**Problem description:**
Copies of all lines containing the string "снимка" are needed from the data below.

--- Data to examine Enclosed Below ---

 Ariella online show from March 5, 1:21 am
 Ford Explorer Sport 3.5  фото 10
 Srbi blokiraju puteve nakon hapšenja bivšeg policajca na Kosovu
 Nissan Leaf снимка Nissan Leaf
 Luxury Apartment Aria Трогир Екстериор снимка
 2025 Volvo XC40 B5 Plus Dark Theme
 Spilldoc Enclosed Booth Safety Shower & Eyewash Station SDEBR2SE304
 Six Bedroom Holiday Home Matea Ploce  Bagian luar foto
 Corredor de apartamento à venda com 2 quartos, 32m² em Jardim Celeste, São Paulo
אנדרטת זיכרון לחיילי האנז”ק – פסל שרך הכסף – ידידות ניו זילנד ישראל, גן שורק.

--- End of Enclosed Data to examine ---

**Response for this exercise:**
 Nissan Leaf снимка Nissan Leaf
 Luxury Apartment Aria Трогир Екстериор снимка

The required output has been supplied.